### Supplied data:

========

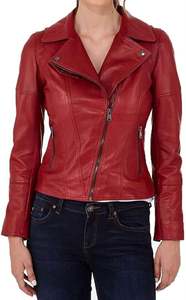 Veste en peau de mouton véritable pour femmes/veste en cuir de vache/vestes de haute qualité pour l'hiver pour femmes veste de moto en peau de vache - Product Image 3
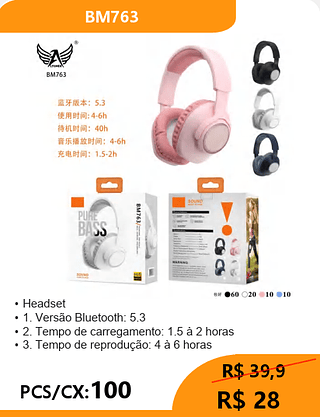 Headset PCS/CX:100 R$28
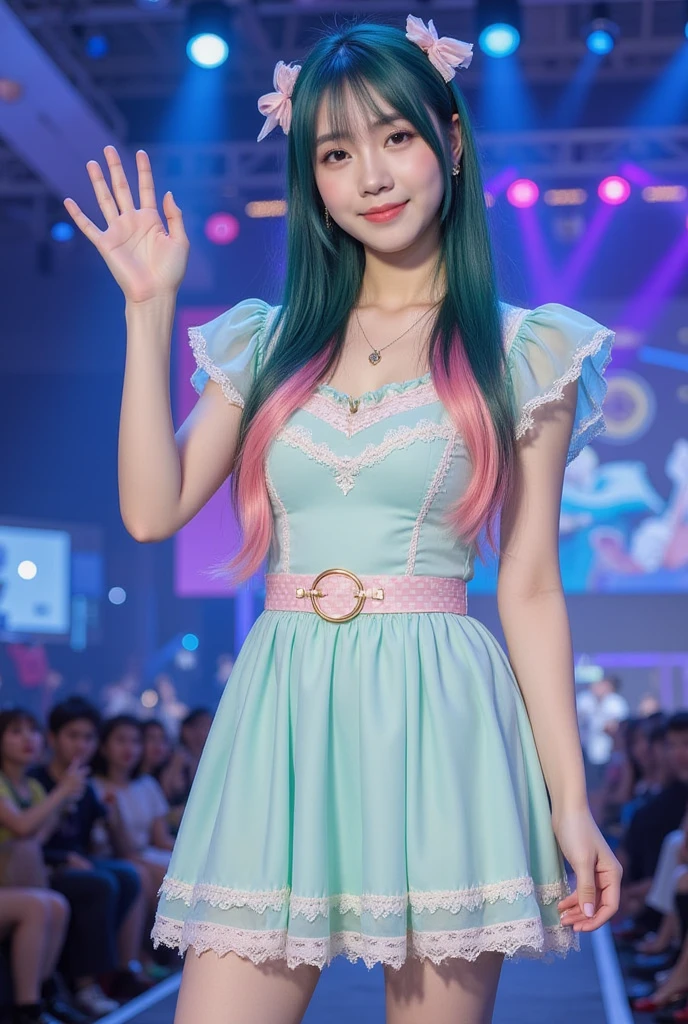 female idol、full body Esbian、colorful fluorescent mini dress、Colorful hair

========

### Exercise aim:
The data must come back word for word, with every picture removed.

### Response below:
 Veste en peau de mouton véritable pour femmes/veste en cuir de vache/vestes de haute qualité pour l'hiver pour femmes veste de moto en peau de vache - Product Image 3
 Headset PCS/CX:100 R$28
 female idol、full body Esbian、colorful fluorescent mini dress、Colorful hair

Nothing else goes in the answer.